As they got older, my husband and I made it clear that if they ever got into trouble and were arrested, they would spend the night in jail. We explained we loved them enough to allow the consequences of their actions to be paid. Oh, sure, I rescued them too many times by bringing my younger daughter’s homework up to school or helping my older daughter with a last minute project. They knew I was not happy with their lack of planning. But I made sure they were never confused that their actions determined my love. One had nothing to do with the other.
Because of this relationship, my daughters shared things most teens never would. Their friends would panic at what I had been told, but my girls knew I always had their best interests at heart. We would talk through options of what they could or should do. They talked, I listened, and only then would we discuss. My goal was to remain calm and open. Even though on the inside I’d be screaming or crying, I had to let them (or lead them) to what were their options and consequences. Teaching them problem solving and critical thinking was my goal. I didn’t always succeed, but I tried.
That’s one reason my daughter was able to tell me she had been inappropriately “touched” by another student at her elementary school. I comforted her as she cried, holding her, telling her she did nothing wrong to cause it, and she did the right thing by telling me. Before school next morning I told her teacher. My concern was for the boy as well—where had he seen such actions that he would mimic them? My goal was for the boy to understand it was wrong to touch others like that. He needed to know and learn body boundaries, and that he had crossed the line. Her teacher immediately took me to the vice-principal and the boy was sent to “detention school” for three days. I cried when I found out, because my intent had been for him to get counseling. I believe at that age he needed to be taught, not just punished. I don’t know if he was ever counseled on his actions—my fear is he was not. His father left a message on our answering machine, yelling at me, calling me all sorts of names for getting his son sent to detention. I had my answer. The problem was deeper than just one action of his son.

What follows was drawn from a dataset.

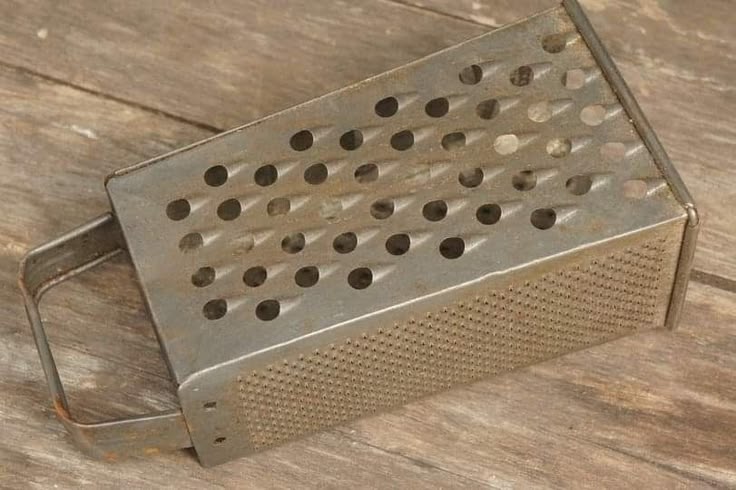 sweet_nector1's tweet photo. I'm sure you can't guess exactly what this little metal object is for 😏 https://t.co/PMqixHrNWd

Our children are our most precious treasure. They are priceless and irreplaceable. It is our responsibility to treat them as such. But love is not allowing them to do whatever they want and providing all the comforts and desires of their heart. That is the most unloving thing we can do. Love is about an investment in time and creating a relationship where they are taught kindness and responsibility.
Does your child know, really understand how precious they are to you? Have you told them they can do nothing to make you stop loving them? Have you taught them their actions deserve consequences, good and bad, but that their actions cannot alter your love for them? If not, don’t wait. Do it now. Give them the greatest gift they will ever receive from you…your faithful, unfailing love.